Inky was a common New Zealand octopus who lived at the National Aquarium of New Zealand, in the city of Napier, from 2014 until his escape in 2016. He was found offshore in 2014 in a crayfish pot and was then brought to the aquarium. In 2016 he escaped the aquarium by leaving his tank, crawling across the floor and down into a drain pipe which went out to sea. The escape received worldwide media attention, and he was never found.

== Life and escape ==
Inky, a male common New Zealand octopus, was taken to the National Aquarium of New Zealand in 2014 after a fisherman found him in a crayfish pot half a kilometre north of Napier Port, near Pania reef. At the time he had a few scars and injuries to his limbs. A few months later a naming competition was held by the Napier City Council, and the winning name was Inky, which is a reference to the ink that octopodes can squirt. At the aquarium he had games and toys to play with.

Inky escaped from the aquarium in early 2016. It is believed that Inky escaped from his tank in the middle of the night, went across the floor, leaving octopus tracks, and then down a 50-metre-long drain pipe which went out to sea and had a diameter of about 150 millimetres. Workers left the tank slightly open after doing maintenance work on the same day that he had escaped. Another theory was that he went into an overflow pipe at the top of the tank, which also led to the drain. The aquarium checked the pipes but did not find him, and did not believe that he had been stolen. The tank had another octopus in it, named Blotchy, but he did not escape from the tank. The aquarium did not plan on finding a replacement octopus.

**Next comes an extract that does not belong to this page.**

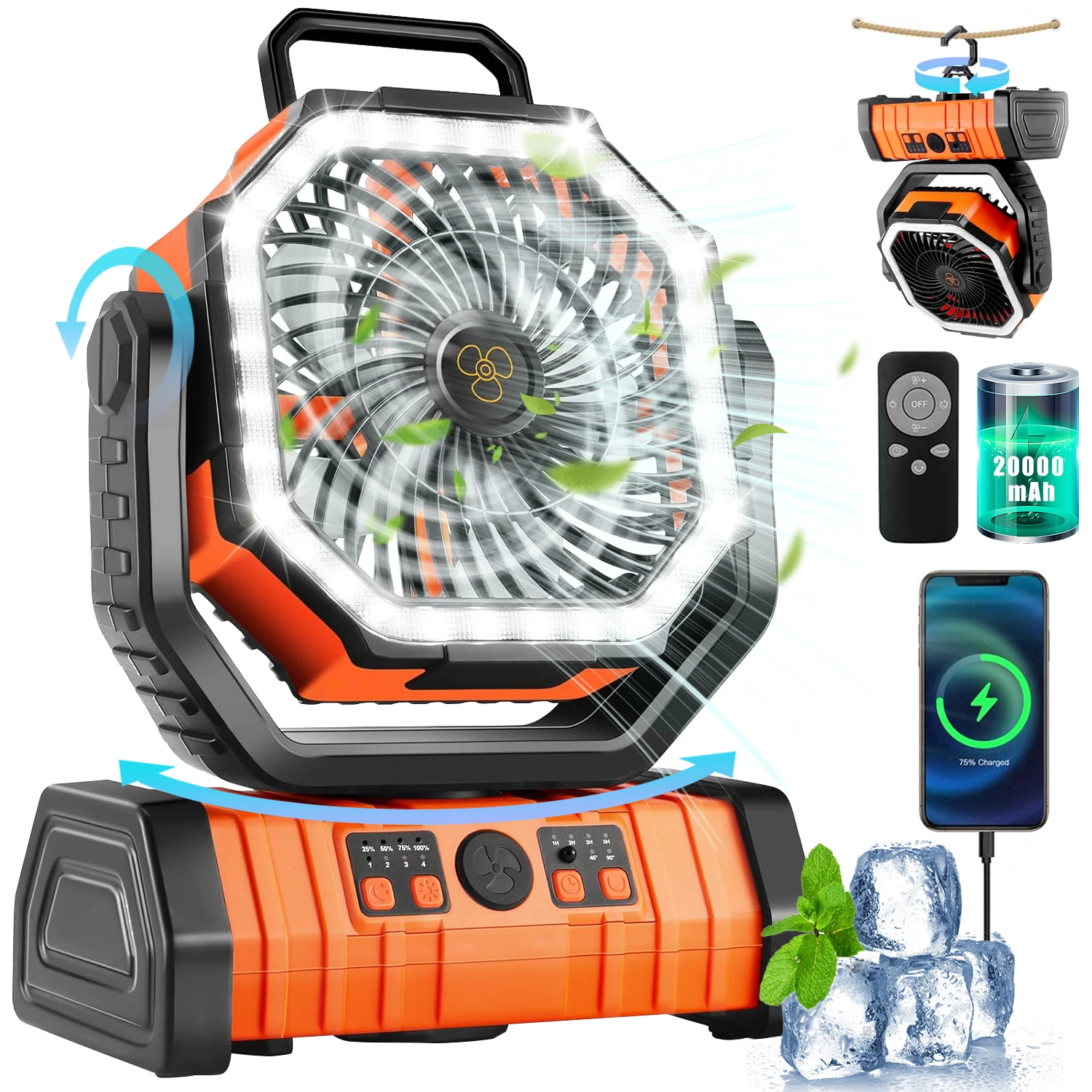 camping-ceiling-fan-20000mah-rechargeable-camping-circulator-with-light-and-remote-control-cool-air-circulation-outdoor-fan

Inky was never found. In January 2017 Otago University teuthologist Jean McKinnon suggested that Inky was dead by that point because adult octopodes live for two years. There is also the possibility that Inky travelled to one of the reefs on the coastline of the Hawke's Bay and mated there. Octopodes die a few months after mating. As of 2017, a moray eel named Psycho lives in Inky's old tank.

== Media coverage ==
It took three months for the news about the escape to go public. It attracted worldwide media attention, including from BBC News, The New York Times, CNN and The Daily Telegraph. This media attention reportedly "rivalled" the attention gathered by the penguin Happy Feet who arrived in New Zealand in 2011. The website Stuff has reported that Inky had surpassed the famous New Zealand sheep Shrek—who was found after not being shorn for several years—by "several degrees of celebrity". Inky was not the first famous New Zealand octopus; one in Wellington named Ozymandias gathered media attention in 2014 after setting a world record for opening jars.

In 2017 the author Casey Lyall wrote a children's book about Inky, named Inky's Great Escape, and in 2018 Penguin Books published the children's book Inky the Octopus. The aquarium has also received stories about the octopus from dyslexic children in the United States.